--- Exercise inputs Enclosed Below ---

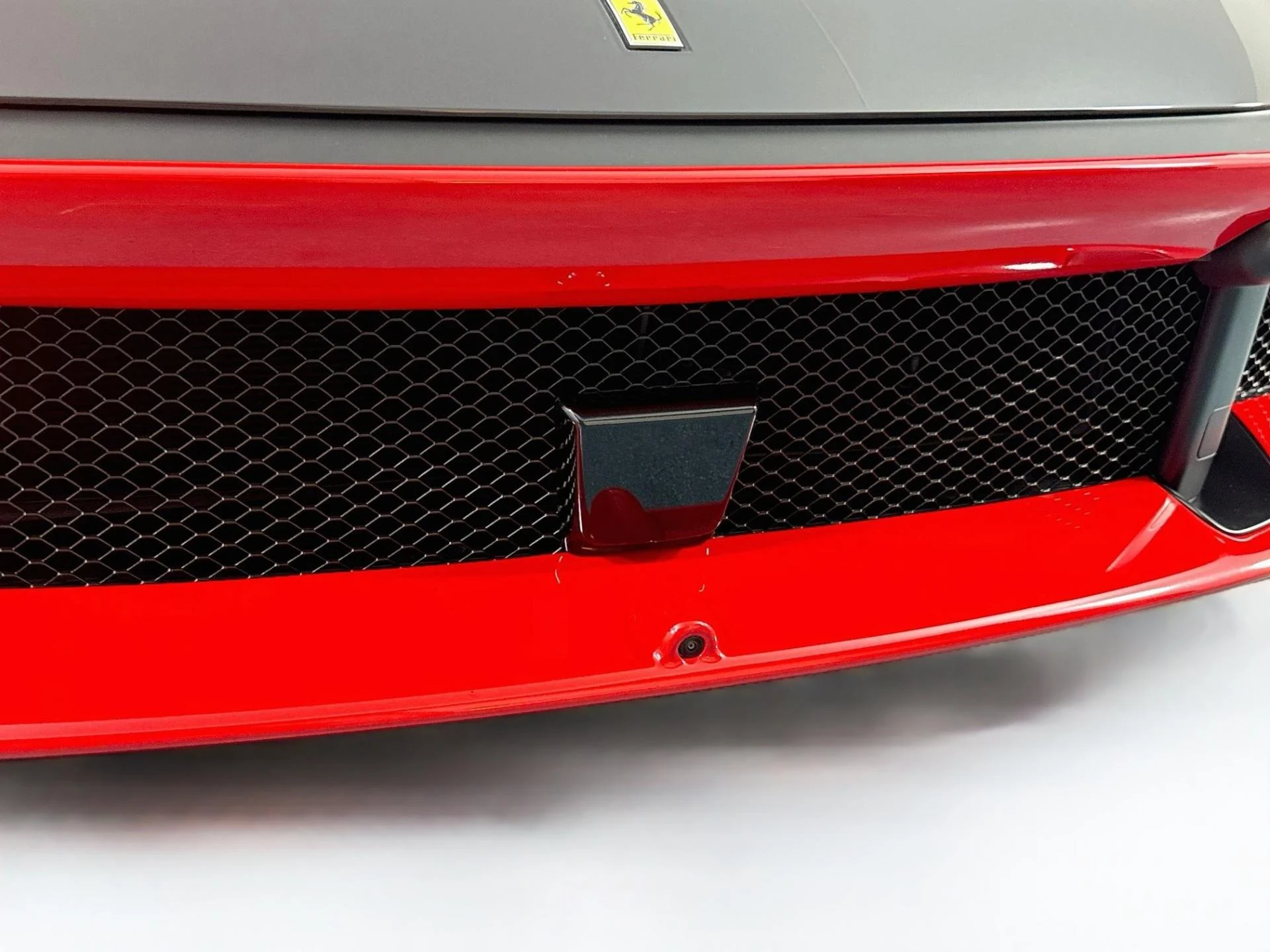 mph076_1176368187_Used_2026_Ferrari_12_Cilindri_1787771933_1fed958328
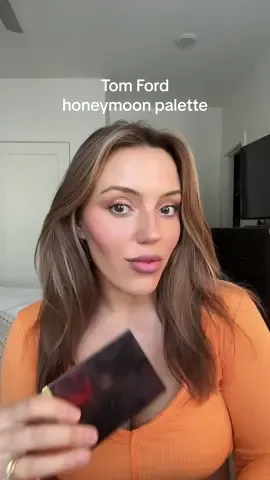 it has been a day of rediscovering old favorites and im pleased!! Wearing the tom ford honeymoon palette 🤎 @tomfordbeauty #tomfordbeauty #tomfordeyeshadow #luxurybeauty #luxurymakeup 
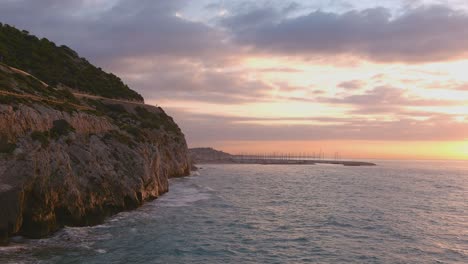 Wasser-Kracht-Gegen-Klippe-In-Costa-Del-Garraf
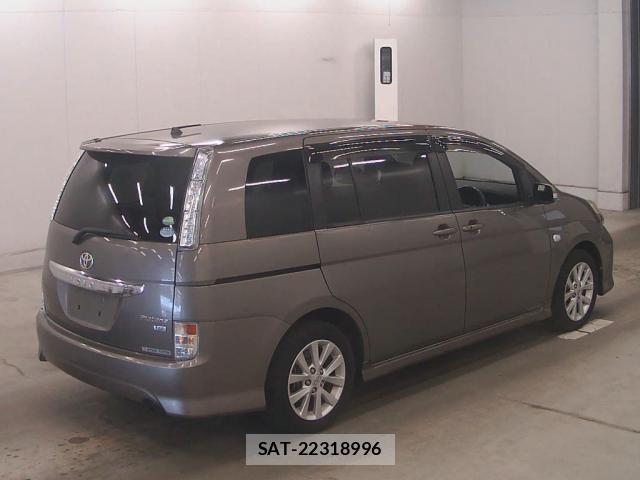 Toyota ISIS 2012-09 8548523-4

--- End of Enclosed Exercise inputs ---
--- Exercise inputs Enclosed Below ---

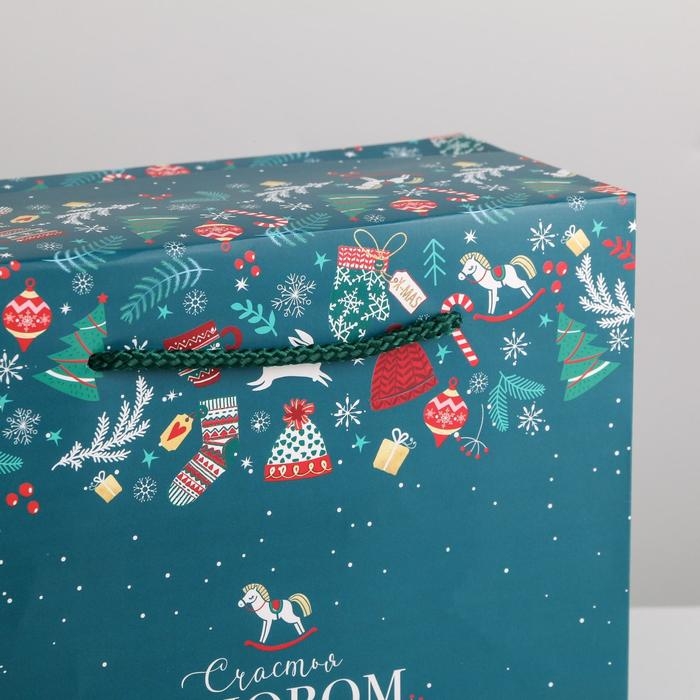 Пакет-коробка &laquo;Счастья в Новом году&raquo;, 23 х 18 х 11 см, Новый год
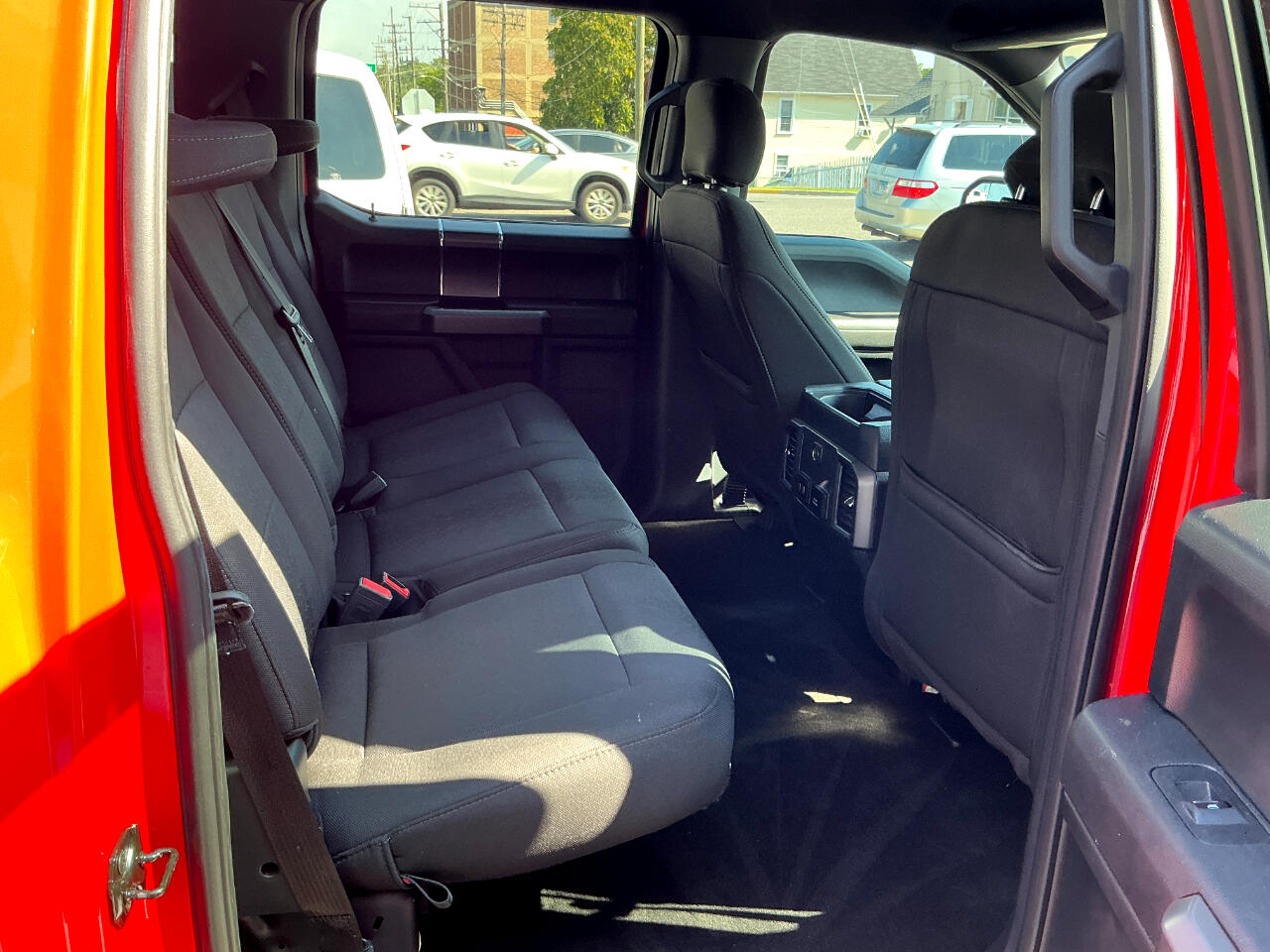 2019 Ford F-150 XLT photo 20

--- End of Enclosed Exercise inputs ---

_Try it_
Copy out exactly the material that runs from the line with "it has been" to the line with "Toyota ISIS 2012-09 8548523-4", ends included, and leave the pictures behind.

_Finished exercise_
 it has been a day of rediscovering old favorites and im pleased!! Wearing the tom ford honeymoon palette 🤎 @tomfordbeauty #tomfordbeauty #tomfordeyeshadow #luxurybeauty #luxurymakeup 
 Wasser-Kracht-Gegen-Klippe-In-Costa-Del-Garraf
 Toyota ISIS 2012-09 8548523-4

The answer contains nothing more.